#### [Material shown]
++++++++

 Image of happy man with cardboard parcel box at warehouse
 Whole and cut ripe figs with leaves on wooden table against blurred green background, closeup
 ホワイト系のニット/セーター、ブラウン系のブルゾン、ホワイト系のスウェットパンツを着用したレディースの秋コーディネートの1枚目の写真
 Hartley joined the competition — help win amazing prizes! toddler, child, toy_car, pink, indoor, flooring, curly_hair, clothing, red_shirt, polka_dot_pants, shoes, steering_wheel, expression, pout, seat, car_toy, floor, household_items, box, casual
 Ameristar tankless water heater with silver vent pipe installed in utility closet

++++++++

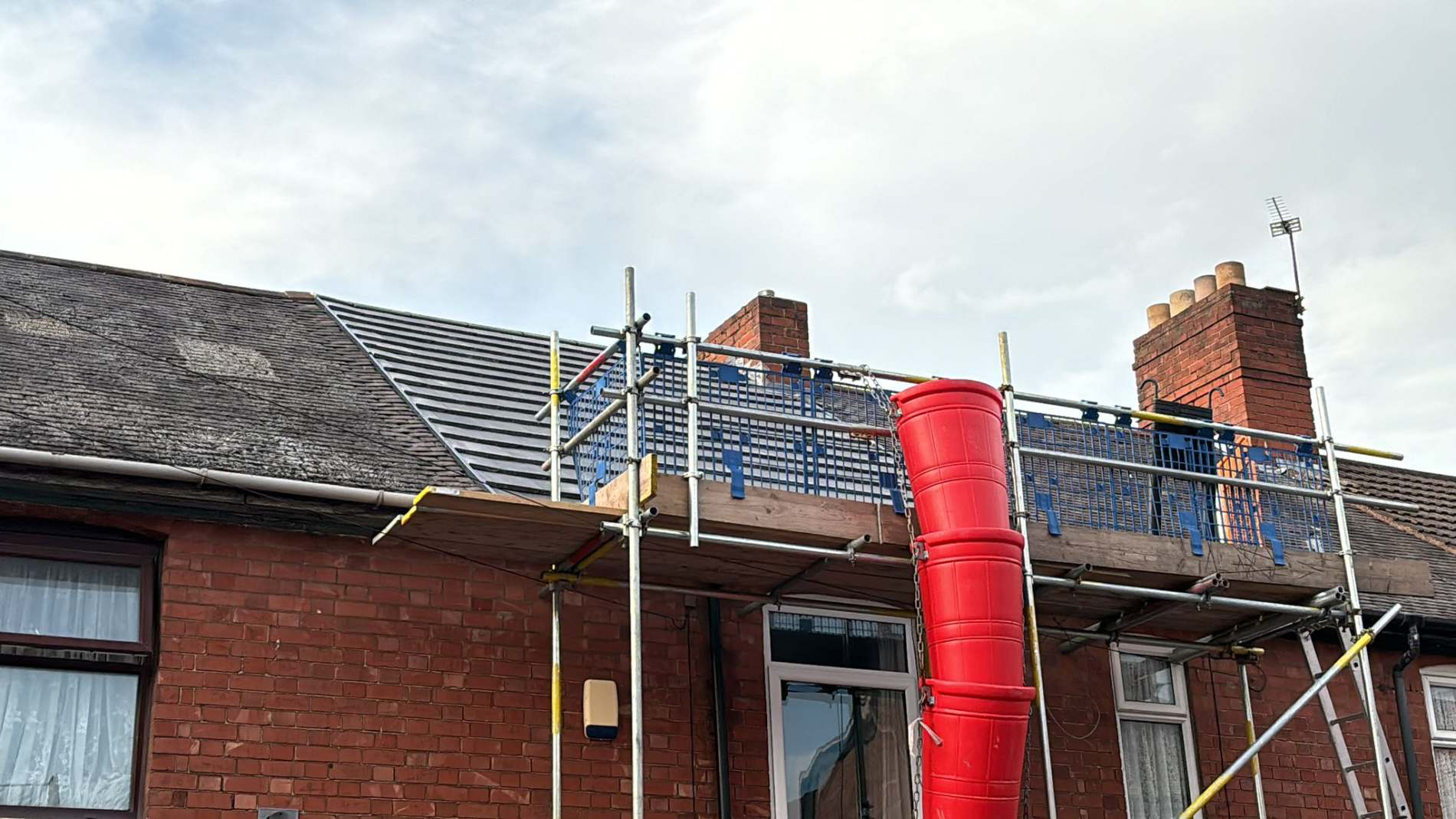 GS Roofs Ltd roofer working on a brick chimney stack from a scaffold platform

++++++++

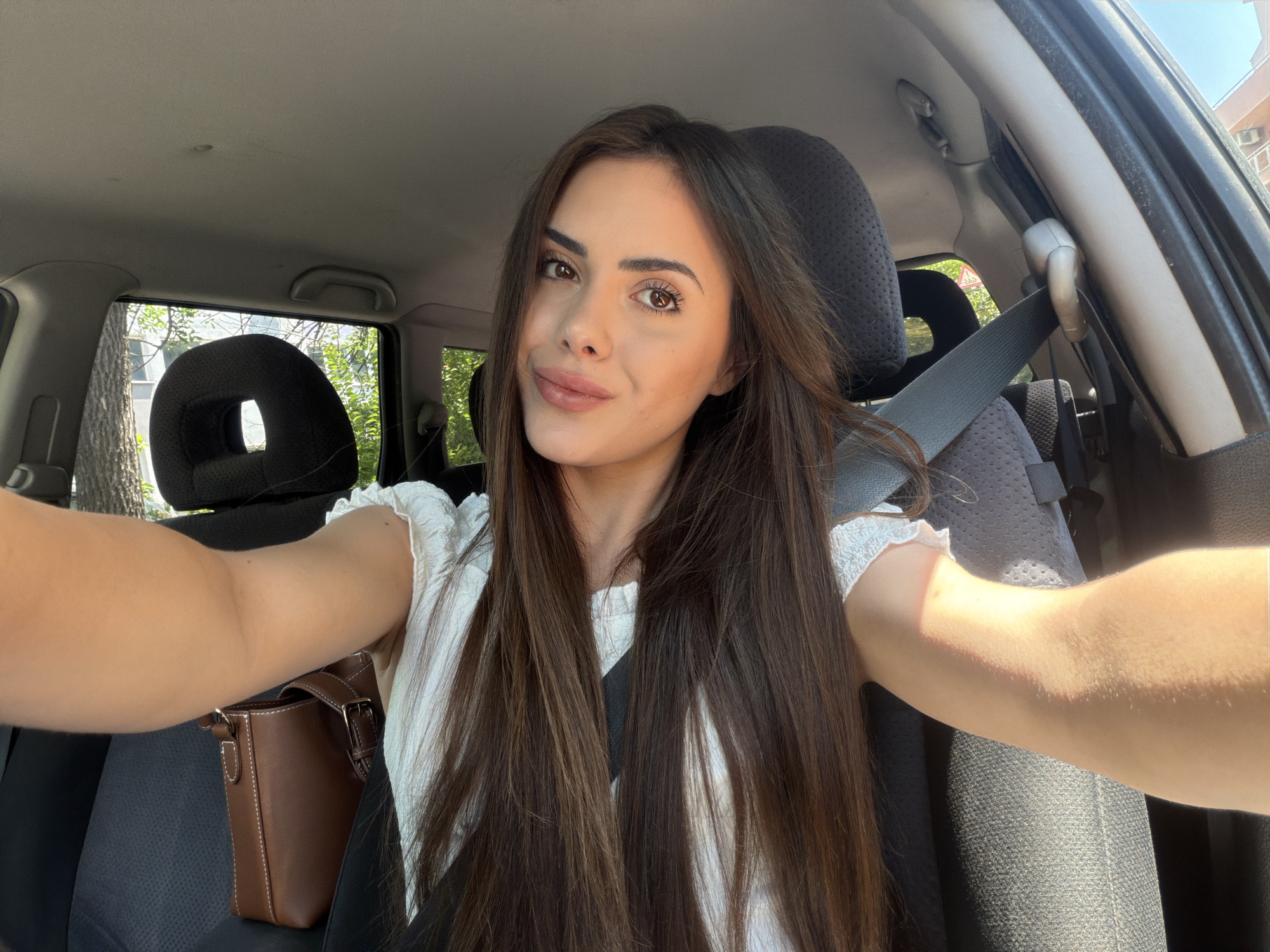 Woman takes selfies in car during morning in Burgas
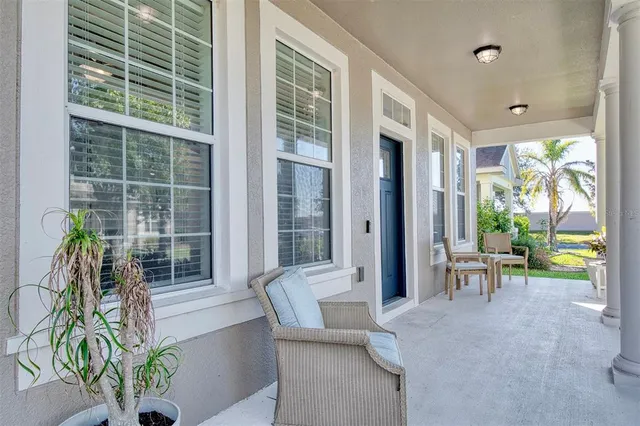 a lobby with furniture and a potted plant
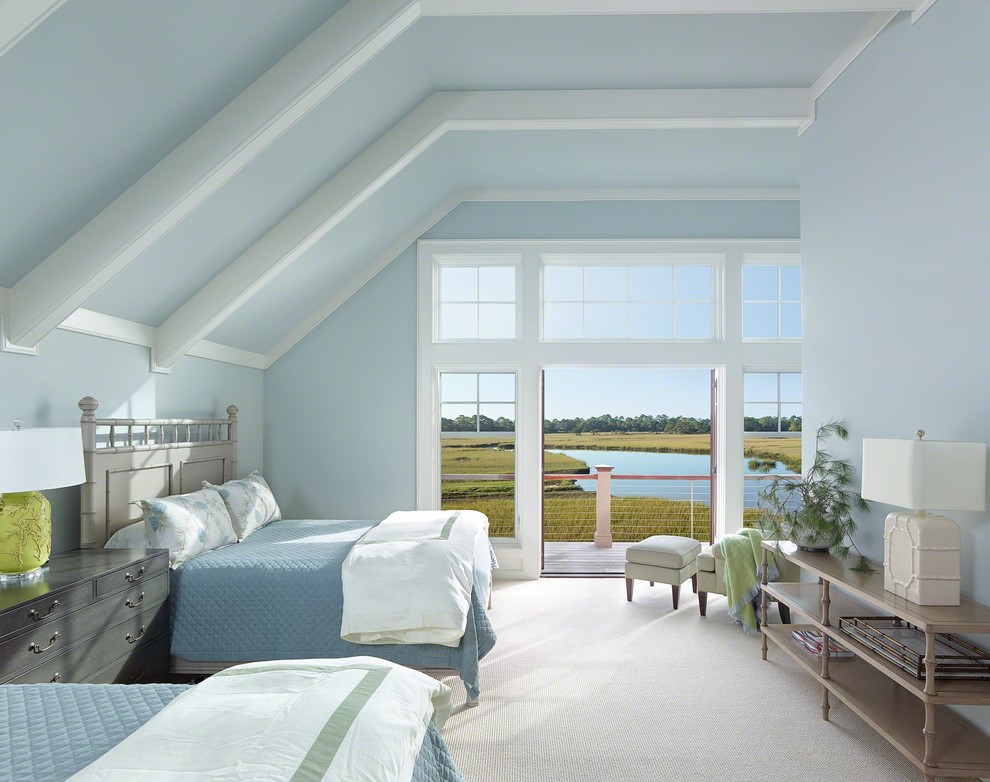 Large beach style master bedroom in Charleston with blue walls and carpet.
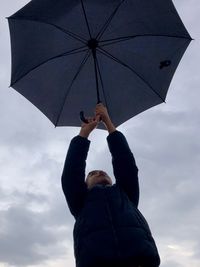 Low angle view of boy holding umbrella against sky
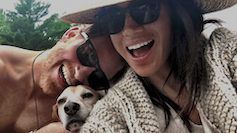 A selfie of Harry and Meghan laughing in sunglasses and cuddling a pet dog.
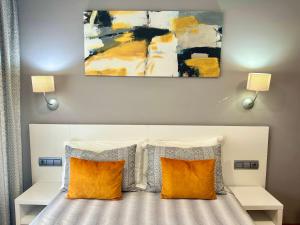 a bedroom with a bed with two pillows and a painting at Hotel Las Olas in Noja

++++++++

#### [Aim of the task]
Would you please repeat exactly the lines above, starting at the line with "Image of happy" and stopping at the line with "Hartley joined the", both included?

#### [Solution below]
 Image of happy man with cardboard parcel box at warehouse
 Whole and cut ripe figs with leaves on wooden table against blurred green background, closeup
 ホワイト系のニット/セーター、ブラウン系のブルゾン、ホワイト系のスウェットパンツを着用したレディースの秋コーディネートの1枚目の写真
 Hartley joined the competition — help win amazing prizes! toddler, child, toy_car, pink, indoor, flooring, curly_hair, clothing, red_shirt, polka_dot_pants, shoes, steering_wheel, expression, pout, seat, car_toy, floor, household_items, box, casual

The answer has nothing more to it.